On the other hand, if you know that the wall is very thin, so there will be almost no heat transfer in the axial direction, then you can use a onedimensional model for the heat transfer in the wall to adjust the heat transfer coefficient outside, or in your case, just to specify the outside wall temperature as the boundary condition for the fluid flow.


himanshu28 November 5, 2012 03:58

hi Reza,
if i want to know how much heat from the wall is been transfferd by the pipe wall to the fluid region then i should have two regions on solid and another liquid.? and then i should create an interface between the two...presently i have not generated any solid wall across the fluid(water) continua and i have given wall temp 1000K of fluid continua but i am unable to see change any change in the monitor of heat transfer coeffi. and in X Y plot of the Nusselt number and distance so. please suggest should i make an interface so that i can select two regions of my intrest on solid and on fluid and then see change in properties of fluid.

thanks in advance

regards
Himanshu sharma

triple_r November 19, 2012 10:21

Sorry for my late reply.
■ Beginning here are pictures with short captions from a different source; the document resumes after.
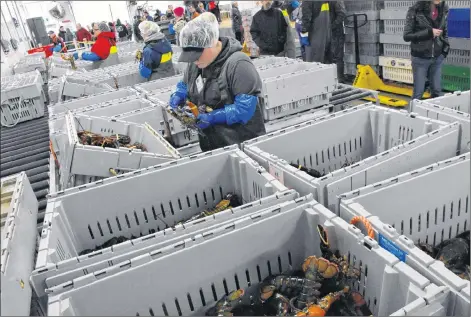  ?? TINA COMEAU PHOTO ?? B.M.C. Seafoods Ltd. in Meteghan, Digby County, has been moving forward with expansion and improvemen­t plans to allow it to do more exporting of quality live lobster.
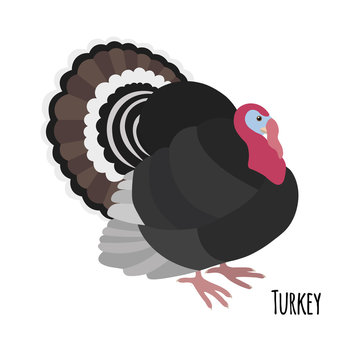 Cartoon turkey isolated on white background, vector illustration
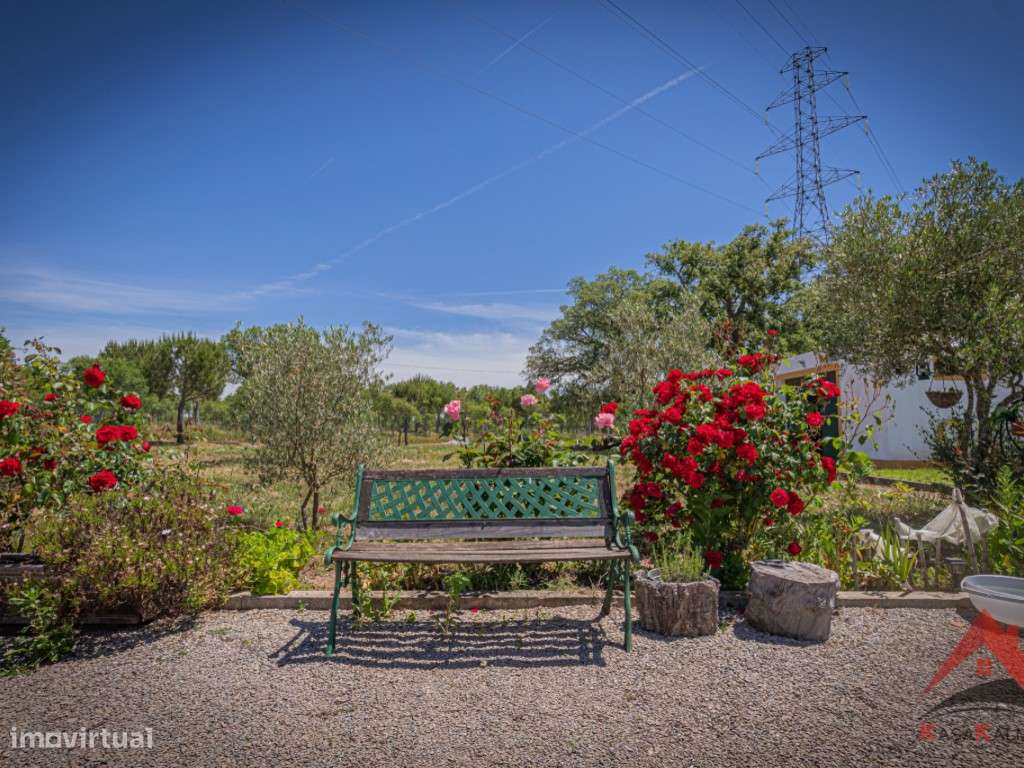 Herdade do Barranco-42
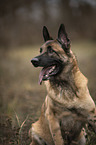 sitzender Malinois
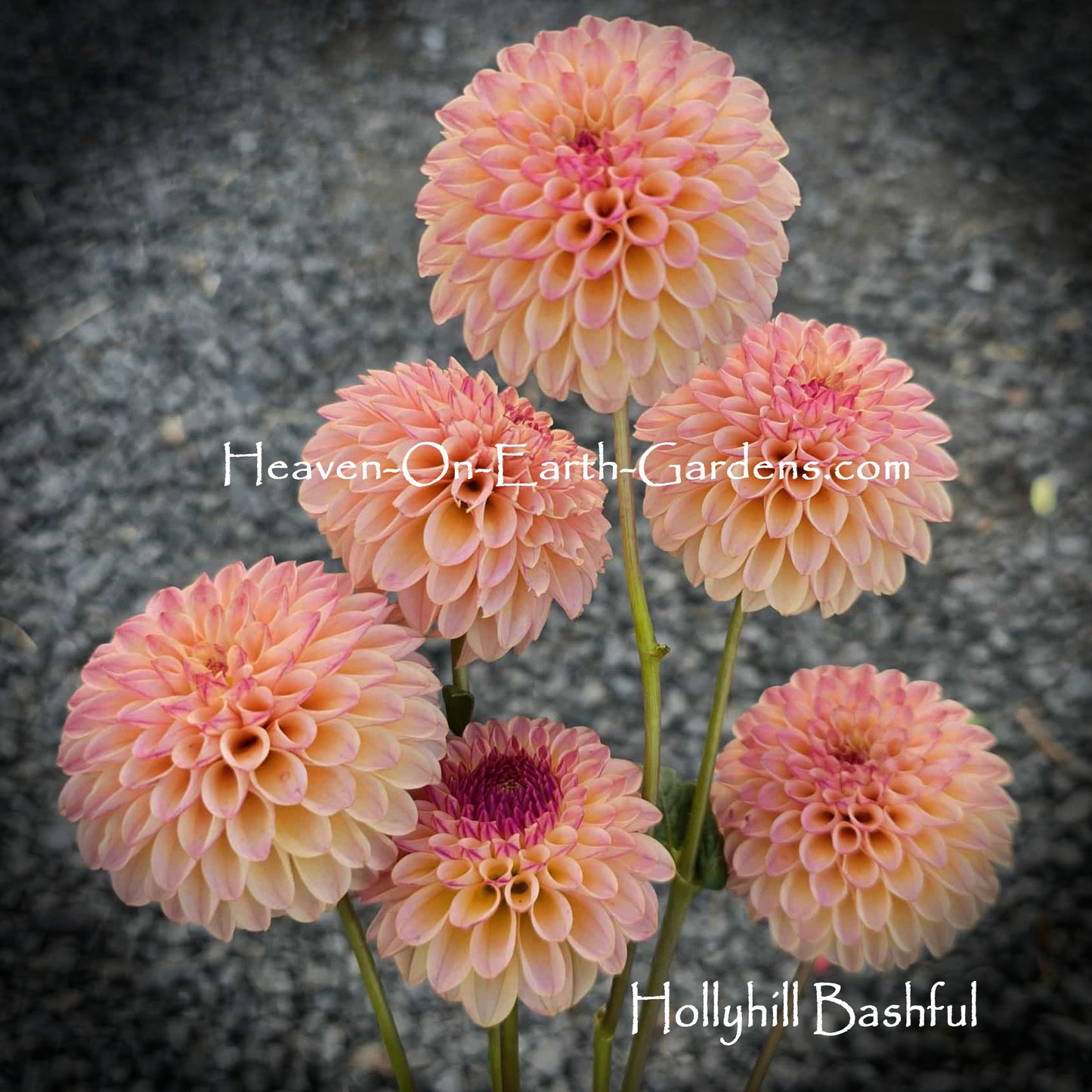 Hollyhill Bashful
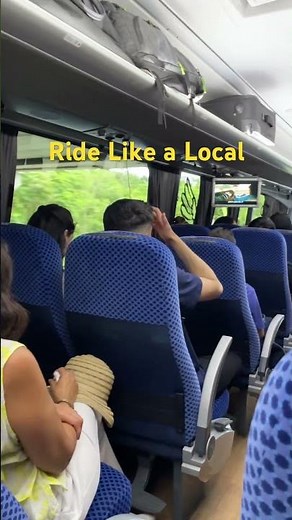 🇲🇽Cancun on a Budget: The Scenic ADO Bus Ride to Downtown! 🏖️🚌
I don't check this forum that much, which I should.

Going back to your question, there are two ways to find the total heat transfer from pipe wall to fluid:

1) This is the easy way! You can integrate the heat flux on the wall. I don't know how to write equations here, so I'll try a text version of it:

total heat flow = integral of (heat flux) dA over the region you have called the wall

In starccm+ you can use a report: right-click on the reports > New report > Surface integral, then select heat flux as the function to be integrated, and select the wall boundary as the part.

2) This is the hard way, and assumes the solution has converged and is steady, but will show you if the solution is correct. You can use the first law of thermodynamics:

total heat transfer into the fluid = energy flow out of the solution domain - energy flow into the solution domain.
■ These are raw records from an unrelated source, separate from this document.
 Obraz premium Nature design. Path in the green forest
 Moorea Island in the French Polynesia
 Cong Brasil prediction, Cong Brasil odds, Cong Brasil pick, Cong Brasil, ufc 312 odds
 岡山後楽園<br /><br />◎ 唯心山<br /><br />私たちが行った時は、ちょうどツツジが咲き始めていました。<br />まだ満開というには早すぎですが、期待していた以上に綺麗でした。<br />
If we can assume the properties are constant to make life easier:

total heat transfer = specific heat * mass flow rate * (outlet bulk temperature - inlet bulk temperature)

to get bulk temperatures, use reports again:

right-click on reports > new reports > Mass flow averaged

then select temperature as the function, and outlet or inlet as the part. You'll need two reports, one for outlet, and one for inlet. Then run the reports and subtract the values, and multiply by specific heat and mass flow rate (to get mass flow rate, create another report for Mass flow)
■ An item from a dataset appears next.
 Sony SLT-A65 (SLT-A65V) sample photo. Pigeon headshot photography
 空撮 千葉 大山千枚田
The value that you get from the two reports should be almost equal, and by almost I mean within the accuracy of the solution, or in the order of residuals.

I hope this helps.

Goutam January 7, 2014 07:07

Wavy pipe
 
Hi,

Could you tell me, how to draw a wavy circular pipe?

Quote:

Originally Posted by himanshu28 (Post 389601)
Hi,



I am trying to simulate "Modeling Internal flow and Heat transfer through a wavy pipe" (attached a .jpeg).i have splited my surfaces into 3 surfaces as inlet, outlet and wall.In the problem i have considered that the wall is at the constant temperature (1000 C) and the fluid at the inlet has velocity and intial temperature as 200 C in the physics continua i have specified outlet as the pressure oulet now in the outlet continua there is a static temperature option which by default is taken as 300K ,but since i am intrested in finding the temperature at the oulet of the fluid then why do i need to specify it ? another thin which is coming in my mind is am I modeling the problem correctly, that is because since pipe surface is a solid so do i need to create another surface across the fluid continua and then create and interface between the two.I am totally confused i have run the solver by the above expalined setup and obtained no change in the outlet the fluid temperature.I have seen the heat tansfer problem given in the tutorial file but couldn't find any explaination to my problem.Attachment 16555
:(:(:confused::confused:


himanshu28 January 15, 2014 09:21

Drawing Wavy/corrugated Pipe
 
Quote:

Originally Posted by Goutam (Post 468970)
Hi,

Could you tell me, how to draw a wavy circular pipe?

Hi,

I have drawn the Pipe in Autodesk Inventor 2013 it gives you an option of generating a the curve by equation.So i used the equation to generate the curve and then revolved the curve 360 deg around the an axis to generate the corrugations.